Let $X_1,...,X_n$ be iid such that $P(X_i > 0 ) = 1$ and $S_n = \sum_{i = 1}^n X_i$. For $x > 0$ let $T_x = \min\{n \ge 1 : S_n \ge x \}$.
Prove $\frac{1}{2}E[T_x] \le \frac{x}{E[\min(X_1,x)]} \le E[T_x]$
I am given the hint to use optional sampling.
Is this enough information to proceed? I don't even know if $E[|X_1|] = \mu < \infty$.
Assuming it is I know $S_n - n\mu $ is a martingale.

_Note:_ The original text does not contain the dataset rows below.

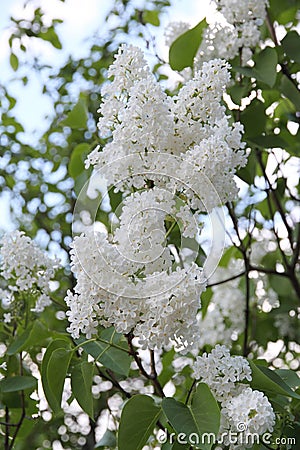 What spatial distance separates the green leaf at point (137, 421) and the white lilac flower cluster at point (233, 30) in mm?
719

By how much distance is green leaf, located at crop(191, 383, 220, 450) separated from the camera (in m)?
0.72

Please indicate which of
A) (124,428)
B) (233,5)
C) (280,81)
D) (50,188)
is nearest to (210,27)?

As mentioned in the comment, if we set $\overline{X}_n = \min\{X_n, x\}$ and $\overline{S}_n = \sum_{k=1}^{n} \overline{X}_k$, then the following identity holds:
$$ T_x=\inf\{n\geq1:\overline{S}_n\geq x\} $$
Denoting $\mu = \mathbb{E}[\overline{X}_1]$, we know that $\overline{S}_n - \mu n$ is a martingale. So by the Optional Stopping Thoerem,
$$ \mathbb{E}[\overline{S}_{T_x \wedge n} ] = \mu\mathbb{E}[T_x \wedge n]. $$
Then by the Monotone Convergence Theorem, letting $n\to\infty$ gives
$$ \mathbb{E}[\overline{S}_{T_x}] = \mu \mathbb{E}[T_x]. $$
Now by noting that $x \leq \overline{S}_{T_x} \leq 2x$ holds, we have
$$ \frac{x}{\mu} \leq \mathbb{E}[T_x] \leq \frac{2x}{\mu}. $$
Rearranging this inequality proves the desired claim.